BPF has already helped us complete this, so we don’t need to implement
this restriction.
Note that all BPF kfuncs (including struct_ops) are currently unstable
and may change in the future.
> > Alexei, could you confirm this understanding?
Every MM person I talked to about this was like "as soon as it's
actively used out there (e.g., a distro supports it), there is no way
you can easily change these callbacks ever again - it will just silently
become stable."
That is actually the biggest concern from the MM side: being stuck with
an interface that was promised to be "unstable" but suddenly it's
not-so-unstable anymore, and we have to support something that is very
likely to be changed in the future.
Which guarantees do we have in the regard?
How can we make it clear to anybody using this specific interface that
"if you depend on this being stable, you should learn how to read and
you are to blame, not the MM people" ?
As explained in the kernel document [0]:
kfuncs provide a kernel <-> kernel API, and thus are not bound by any
of the strict stability restrictions associated with kernel <-> user
UAPIs.

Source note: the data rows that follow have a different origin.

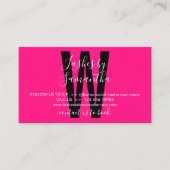 Carte De Visite Règles à suivre après obtention d'extensions de ci (Devant)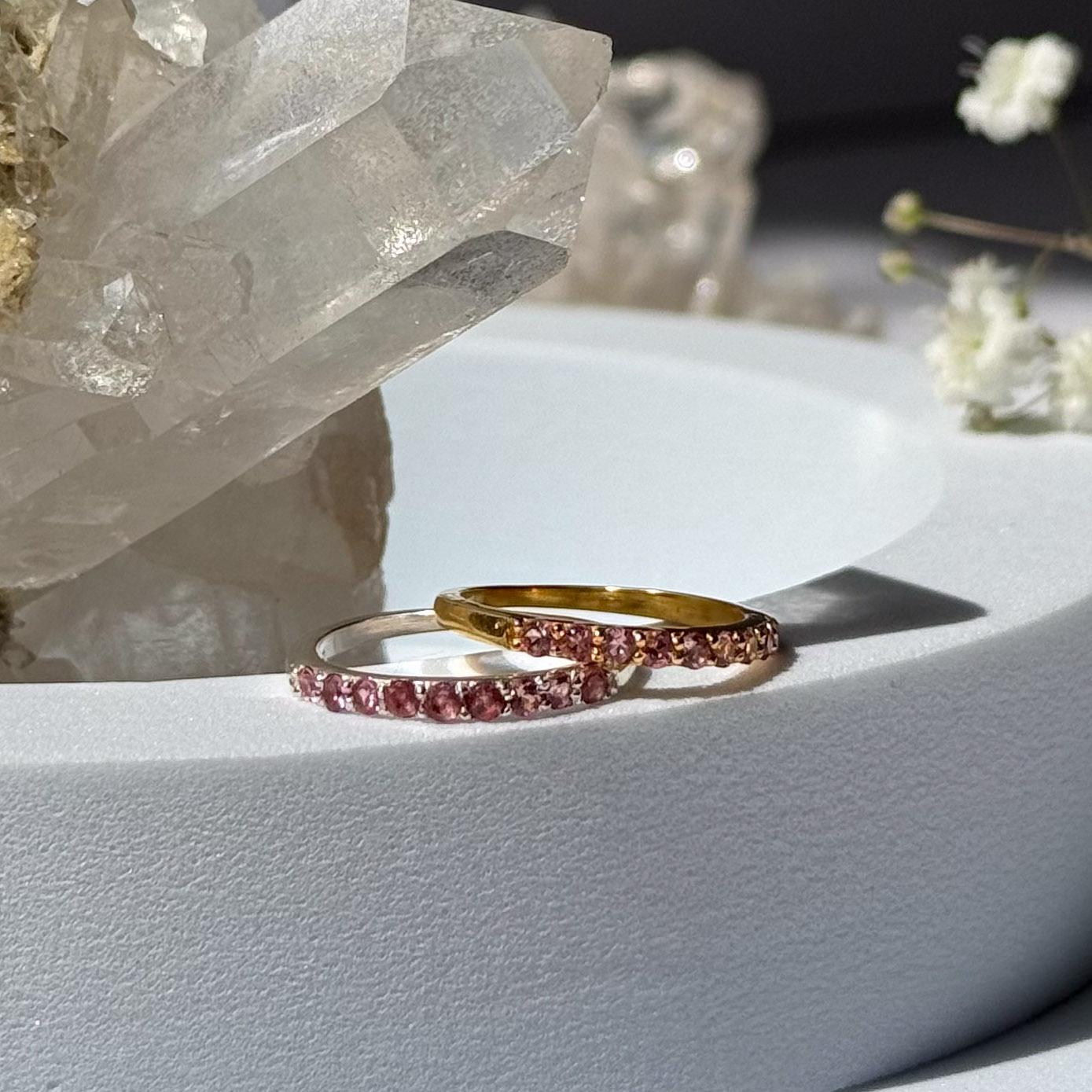 טבעת טורמלין ורוד- Helena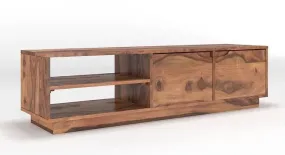 Wooden Twist Elegante Handmade Solid Teak Wood TV Unit for Living Room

This means they can be thought of as similar to
EXPORT_SYMBOL_GPL, and can therefore be modified or removed by a
maintainer of the subsystem they’re defined in when it’s deemed
necessary.
[0] https://docs.kernel.org/bpf/kfuncs.html#bpf-kfunc-lifecycle-expectations
That said, users of BPF kfuncs should treat them as inherently
unstable and take responsibility for verifying their compatibility
when switching kernel versions. However, this does not imply that BPF
kfuncs can be modified arbitrarily.
For widely adopted kfuncs that deliver substantial value, changes
should be made cautiously—preferably through backward-compatible
extensions to ensure continued functionality across new kernel
versions. Removal should only be considered in exceptional cases, such
as:
- Severe, unfixable issues within the kernel
- Maintenance burdens that block new features or critical improvements.

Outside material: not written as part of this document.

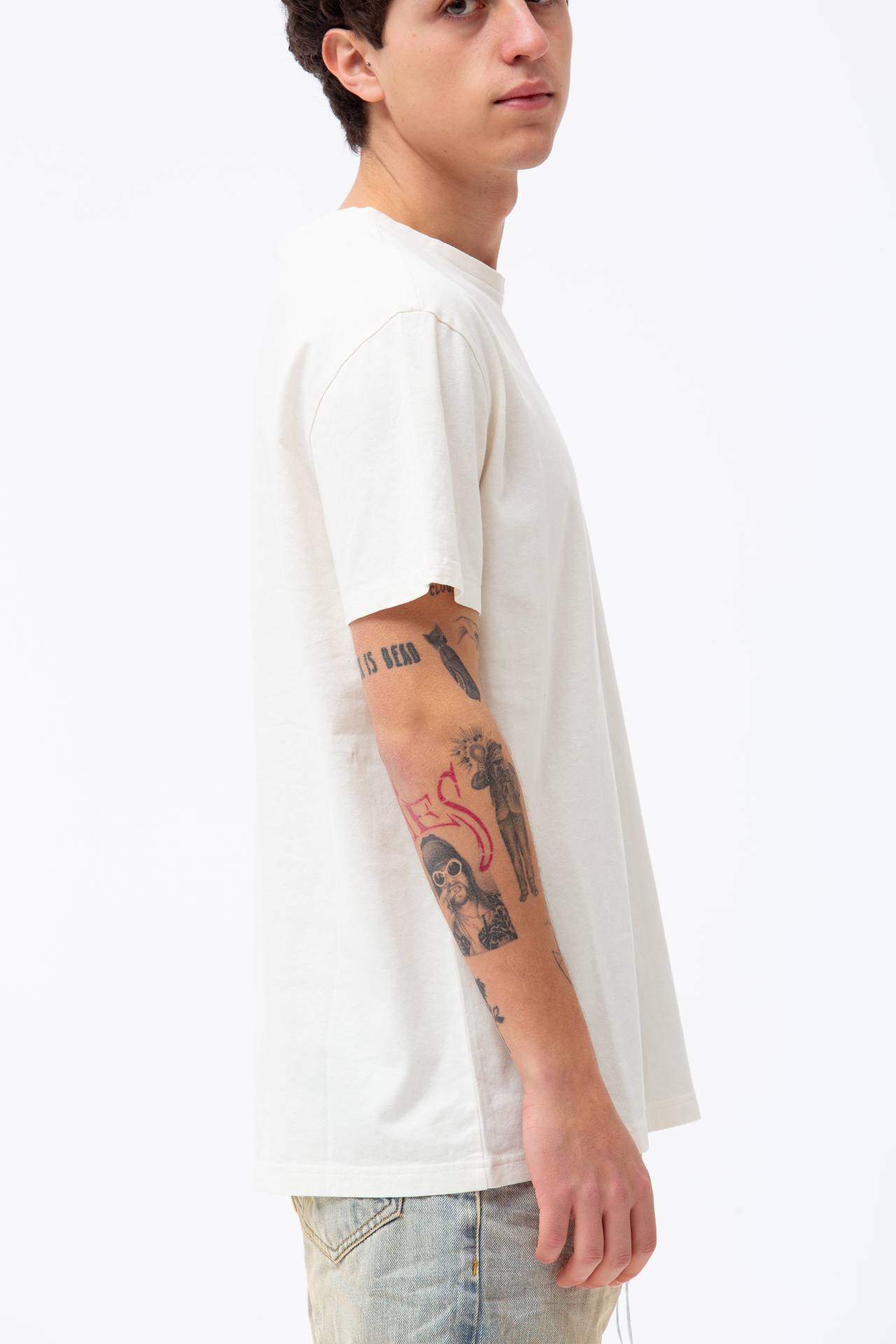 T-shirt in cotone e lino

And that is exactly what we are worried about.
You don't know beforehand whether something will be "widely adopted".
Even if there is the "A kfunc will never have any hard stability
guarantees." in there.
The concerning bit is:
"kfuncs that are widely used or have been in the kernel for a long time
will be more difficult to justify being changed or removed by a
maintainer. "
Just no. Not going to happen for the kfuncs we know upfront (like here)
will stand in our way in the future at some point and *will* be changed
one way or another.
So for these kfuncs I want a clear way of expressing "whatever the
kfuncs doc says, this here is completely unstable even if widely used"
--
Cheers,
David / dhildenb